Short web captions
=== Section Start ===

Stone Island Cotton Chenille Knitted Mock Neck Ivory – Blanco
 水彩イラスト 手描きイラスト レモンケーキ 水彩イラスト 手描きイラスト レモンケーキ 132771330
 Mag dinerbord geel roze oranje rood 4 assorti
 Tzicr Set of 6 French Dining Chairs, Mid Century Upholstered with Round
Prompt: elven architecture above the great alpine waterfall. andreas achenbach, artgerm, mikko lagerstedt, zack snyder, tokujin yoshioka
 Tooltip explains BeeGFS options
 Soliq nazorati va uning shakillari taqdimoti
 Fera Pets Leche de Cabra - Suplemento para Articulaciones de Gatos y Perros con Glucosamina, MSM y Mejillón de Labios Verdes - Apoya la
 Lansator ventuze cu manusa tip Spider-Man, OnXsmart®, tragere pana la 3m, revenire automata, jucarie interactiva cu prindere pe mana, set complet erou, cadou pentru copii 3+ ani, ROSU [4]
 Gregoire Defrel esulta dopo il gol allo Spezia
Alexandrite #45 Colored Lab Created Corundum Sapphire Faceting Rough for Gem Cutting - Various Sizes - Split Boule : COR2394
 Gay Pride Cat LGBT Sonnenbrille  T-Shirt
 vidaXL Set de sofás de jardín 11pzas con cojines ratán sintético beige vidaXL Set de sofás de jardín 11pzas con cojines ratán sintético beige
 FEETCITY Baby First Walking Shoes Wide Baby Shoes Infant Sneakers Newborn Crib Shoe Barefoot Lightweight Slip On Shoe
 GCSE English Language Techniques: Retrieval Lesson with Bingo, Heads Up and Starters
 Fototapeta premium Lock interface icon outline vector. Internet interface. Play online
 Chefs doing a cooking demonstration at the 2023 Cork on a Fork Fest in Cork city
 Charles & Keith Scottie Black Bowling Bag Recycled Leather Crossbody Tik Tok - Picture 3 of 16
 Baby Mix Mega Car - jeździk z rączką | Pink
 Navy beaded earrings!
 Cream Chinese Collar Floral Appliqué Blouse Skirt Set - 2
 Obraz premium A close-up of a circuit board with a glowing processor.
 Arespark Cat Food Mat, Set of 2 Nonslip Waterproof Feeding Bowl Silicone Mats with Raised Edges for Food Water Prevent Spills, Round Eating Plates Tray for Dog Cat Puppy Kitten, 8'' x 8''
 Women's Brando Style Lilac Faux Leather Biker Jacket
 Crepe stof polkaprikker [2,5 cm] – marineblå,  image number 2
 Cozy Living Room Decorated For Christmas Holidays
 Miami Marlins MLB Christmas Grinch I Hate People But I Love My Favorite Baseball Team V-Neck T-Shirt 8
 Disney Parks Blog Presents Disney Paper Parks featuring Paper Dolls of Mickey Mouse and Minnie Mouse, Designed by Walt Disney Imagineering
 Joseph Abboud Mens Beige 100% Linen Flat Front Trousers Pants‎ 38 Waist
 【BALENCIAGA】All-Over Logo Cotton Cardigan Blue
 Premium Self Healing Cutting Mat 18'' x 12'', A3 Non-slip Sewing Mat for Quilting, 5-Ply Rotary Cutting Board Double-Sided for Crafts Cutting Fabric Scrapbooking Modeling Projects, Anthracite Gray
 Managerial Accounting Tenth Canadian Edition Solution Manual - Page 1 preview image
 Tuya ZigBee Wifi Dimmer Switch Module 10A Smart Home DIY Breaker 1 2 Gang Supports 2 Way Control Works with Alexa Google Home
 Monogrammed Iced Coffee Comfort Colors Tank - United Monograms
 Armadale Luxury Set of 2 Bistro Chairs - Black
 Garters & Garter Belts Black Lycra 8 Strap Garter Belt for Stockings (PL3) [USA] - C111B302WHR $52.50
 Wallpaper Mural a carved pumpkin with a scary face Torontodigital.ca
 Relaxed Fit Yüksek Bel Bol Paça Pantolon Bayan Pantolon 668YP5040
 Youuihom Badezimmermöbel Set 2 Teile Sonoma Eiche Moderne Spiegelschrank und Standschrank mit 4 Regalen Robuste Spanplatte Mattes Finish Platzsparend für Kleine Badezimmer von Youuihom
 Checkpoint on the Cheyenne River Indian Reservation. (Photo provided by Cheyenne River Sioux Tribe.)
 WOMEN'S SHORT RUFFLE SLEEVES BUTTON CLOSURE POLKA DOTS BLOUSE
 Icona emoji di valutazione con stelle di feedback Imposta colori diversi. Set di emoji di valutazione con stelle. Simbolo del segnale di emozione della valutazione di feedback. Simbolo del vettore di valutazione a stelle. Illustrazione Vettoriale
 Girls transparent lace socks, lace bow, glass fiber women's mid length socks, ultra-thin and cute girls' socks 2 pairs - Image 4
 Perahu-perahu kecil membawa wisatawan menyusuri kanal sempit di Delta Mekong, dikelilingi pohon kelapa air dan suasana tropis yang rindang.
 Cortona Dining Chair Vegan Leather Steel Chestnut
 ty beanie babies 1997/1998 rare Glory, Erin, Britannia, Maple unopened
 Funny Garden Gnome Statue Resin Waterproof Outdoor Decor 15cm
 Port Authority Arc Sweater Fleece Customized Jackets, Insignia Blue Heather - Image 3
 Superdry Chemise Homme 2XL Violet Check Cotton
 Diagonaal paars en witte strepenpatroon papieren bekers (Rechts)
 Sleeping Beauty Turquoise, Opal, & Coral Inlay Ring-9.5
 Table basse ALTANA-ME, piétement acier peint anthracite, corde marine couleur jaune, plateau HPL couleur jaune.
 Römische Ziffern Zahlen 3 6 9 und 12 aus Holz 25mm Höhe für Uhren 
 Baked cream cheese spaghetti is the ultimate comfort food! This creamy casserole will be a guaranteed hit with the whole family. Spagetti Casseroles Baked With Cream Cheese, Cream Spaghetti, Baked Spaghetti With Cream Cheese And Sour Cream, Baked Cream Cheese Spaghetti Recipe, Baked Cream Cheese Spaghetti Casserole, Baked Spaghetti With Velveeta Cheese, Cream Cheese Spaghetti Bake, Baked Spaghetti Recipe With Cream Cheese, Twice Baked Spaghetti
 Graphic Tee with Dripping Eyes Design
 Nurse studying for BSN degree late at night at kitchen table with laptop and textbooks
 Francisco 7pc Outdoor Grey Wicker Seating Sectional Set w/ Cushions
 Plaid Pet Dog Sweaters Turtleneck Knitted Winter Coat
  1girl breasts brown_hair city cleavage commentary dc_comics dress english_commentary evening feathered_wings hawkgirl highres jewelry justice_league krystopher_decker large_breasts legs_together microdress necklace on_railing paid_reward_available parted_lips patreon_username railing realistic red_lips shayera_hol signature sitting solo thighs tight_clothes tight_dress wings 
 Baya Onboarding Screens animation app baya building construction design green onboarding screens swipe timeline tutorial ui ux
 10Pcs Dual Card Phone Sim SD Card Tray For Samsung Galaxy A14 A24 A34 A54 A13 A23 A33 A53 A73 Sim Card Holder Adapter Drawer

=== Section End ===

About this exercise:
Your task is to copy exactly, and only, the lines from the line with "1girl breasts brown_hair" through the last line of the entries, both included.

Answer box:
  1girl breasts brown_hair city cleavage commentary dc_comics dress english_commentary evening feathered_wings hawkgirl highres jewelry justice_league krystopher_decker large_breasts legs_together microdress necklace on_railing paid_reward_available parted_lips patreon_username railing realistic red_lips shayera_hol signature sitting solo thighs tight_clothes tight_dress wings 
 Baya Onboarding Screens animation app baya building construction design green onboarding screens swipe timeline tutorial ui ux
 10Pcs Dual Card Phone Sim SD Card Tray For Samsung Galaxy A14 A24 A34 A54 A13 A23 A33 A53 A73 Sim Card Holder Adapter Drawer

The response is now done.